Unpacking this, as the government correctly notes there is no caselaw holding that a finding of improper venue triggers double jeopardy protection. Indeed, every circuit court that has opined on this issue came to the opposite conclusion. See United States v. Hernandez, 189 F.3d 785, 792 (9th Cir. 1999) (finding that a judgment of acquittal was not the proper remedy for improper venue, and therefore retrial was not barred by the double jeopardy clause); United States v. Miller, 111 F.3d 747, 755 (10th Cir. 1997) ("[D]ismissal for lack of venue does not involve issues of double jeopardy nor bar prosecution in the proper venue."); Haney v. Burgess, 799 F.2d 661, 663 (11th Cir. 1986) (finding that retrial of a defendant whose conviction was reversed because of improper venue would not violate the double jeopardy clause); accord United States v. Saavedra, 223 F.3d 85, 95 n.1 (2d Cir. 2000) (Cabranes, J., dissenting) (noting, while disagreeing with majority's finding of venue, that "if we had vacated defendants' convictions [for improper venue], the Double Jeopardy Clause of the Constitution would not bar reprosecution of the defendants in the Eastern District of New York."). See also Lee v. United States, 432 U.S. 23, 30 n.8 (1977) ("[A] trial court's ruling in favor of the defendant is an acquittal only if it actually represents a resolution, correct or not, of some or all of the factual elements of the offense charged" (internal quotations and citation omitted)). The Court need not credit Kluger's incorrect assertion of law as a basis to establish actual prejudice. See Cooley v. Brooks, No. 07-0285, 2009 WL 959870, at *10 (W.D. Pa. Apr. 8, 2009) (finding that a petitioner's own erroneous belief of the law did not sustain an ineffective assistance of counsel claim).

Kluger's second basis for prejudice arises from his contention that venue was proper in the Southern District of New York ("SDNY"), and that he would have received a more favorable outcome there. In his declaration, Kluger details his concerns about having his case tried in New Jersey, including his reservations about this district's expertise, or lack thereof, in handling insider trading matters when compared to SDNY. He believes that he would receive a more favorable sentence in SDNY, or avoid prosecution altogether, because the prosecutors there might consider his case unimportant when compared to other insider trading cases they bring. ECF No. 27-1 at 2, 5. Putting aside whether this speculative belief could constitute cognizable prejudice, Kluger's explanation is flawed because even if venue did not lie here, he had no control over where else re-prosecution would occur. As described above, and Kluger does not dispute this, venue was also proper in the Eastern District of Virginia. In Zegas's declaration, he explains that Kluger did not want to be prosecuted there, because "the trial might be unduly accelerated." ECF No. 21-10 at 3. Kluger does not explain why he would have insisted on going to trial when there was a real possibility that retrial would occur in a district he did not prefer, nor does he explain why he preferred the Eastern District of Virginia to the District of New Jersey. Moreover, as the government contends, had Kluger rejected the plea offer, he still could have faced additional charges, and he would not have received a lower offense level based on acceptance of responsibility, all of which would have exposed him to a longer sentence. See United States v. Sanders, 208 F. App'x 160, 163 (3d Cir. 2006) ("[A] prosecutor does not violate due process when he threatens serious charges to induce a guilty plea[.]").
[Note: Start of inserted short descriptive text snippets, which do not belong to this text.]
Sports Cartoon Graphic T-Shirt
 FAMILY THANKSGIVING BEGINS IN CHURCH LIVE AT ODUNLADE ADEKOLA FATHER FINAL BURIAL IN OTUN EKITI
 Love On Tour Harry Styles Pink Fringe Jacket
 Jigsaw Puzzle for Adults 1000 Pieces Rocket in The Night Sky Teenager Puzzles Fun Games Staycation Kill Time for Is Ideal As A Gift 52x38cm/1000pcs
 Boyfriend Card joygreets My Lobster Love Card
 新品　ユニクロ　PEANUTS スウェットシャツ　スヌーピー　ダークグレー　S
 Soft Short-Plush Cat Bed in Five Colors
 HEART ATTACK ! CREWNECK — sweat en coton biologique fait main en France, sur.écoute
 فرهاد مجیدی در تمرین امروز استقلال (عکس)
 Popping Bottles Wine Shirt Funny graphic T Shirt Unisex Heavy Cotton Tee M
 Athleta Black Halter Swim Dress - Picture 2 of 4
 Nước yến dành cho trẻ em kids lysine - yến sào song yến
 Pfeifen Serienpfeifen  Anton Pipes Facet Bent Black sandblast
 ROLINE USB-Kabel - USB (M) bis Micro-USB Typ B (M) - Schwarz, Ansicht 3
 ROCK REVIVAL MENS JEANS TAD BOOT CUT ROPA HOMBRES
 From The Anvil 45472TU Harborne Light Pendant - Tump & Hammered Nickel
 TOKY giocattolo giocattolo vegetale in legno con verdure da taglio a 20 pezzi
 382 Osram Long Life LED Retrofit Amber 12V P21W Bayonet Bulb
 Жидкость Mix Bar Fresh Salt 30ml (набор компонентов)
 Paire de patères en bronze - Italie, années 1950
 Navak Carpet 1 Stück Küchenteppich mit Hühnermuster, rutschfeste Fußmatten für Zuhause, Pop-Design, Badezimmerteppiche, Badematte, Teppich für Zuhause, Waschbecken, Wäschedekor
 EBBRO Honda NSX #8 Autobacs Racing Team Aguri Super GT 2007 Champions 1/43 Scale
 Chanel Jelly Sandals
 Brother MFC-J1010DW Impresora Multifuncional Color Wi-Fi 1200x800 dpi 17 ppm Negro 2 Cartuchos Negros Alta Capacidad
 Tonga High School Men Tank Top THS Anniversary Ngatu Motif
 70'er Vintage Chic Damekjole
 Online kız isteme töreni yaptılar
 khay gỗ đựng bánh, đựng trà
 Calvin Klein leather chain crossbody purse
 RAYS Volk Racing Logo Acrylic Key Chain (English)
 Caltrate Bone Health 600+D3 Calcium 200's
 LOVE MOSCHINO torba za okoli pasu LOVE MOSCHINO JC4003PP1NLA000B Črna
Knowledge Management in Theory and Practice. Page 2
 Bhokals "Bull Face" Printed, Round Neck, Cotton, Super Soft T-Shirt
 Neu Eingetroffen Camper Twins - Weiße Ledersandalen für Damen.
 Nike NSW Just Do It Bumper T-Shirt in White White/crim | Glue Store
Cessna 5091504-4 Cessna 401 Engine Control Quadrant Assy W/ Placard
Faced with uncertainty regarding the potential alternative venue, the potential additional charges against him, and the potential increase in sentence, Kluger does not explain how he would have ignored these concerns and rejected the plea agreement, purely on the basis of a venue defense in this district. Curiously, he asserts that "the issue is not whether he was likely to be convicted in another district; the issue is whether he was likely to have prevailed in New Jersey with a lack-of-venue defense." Reply, ECF No. 27 at 19. But the issue has been and still is whether he would have pleaded guilty and waived any venue defense—under circumstances where he could have decided to accept venue as part of the plea agreement even if venue were improper.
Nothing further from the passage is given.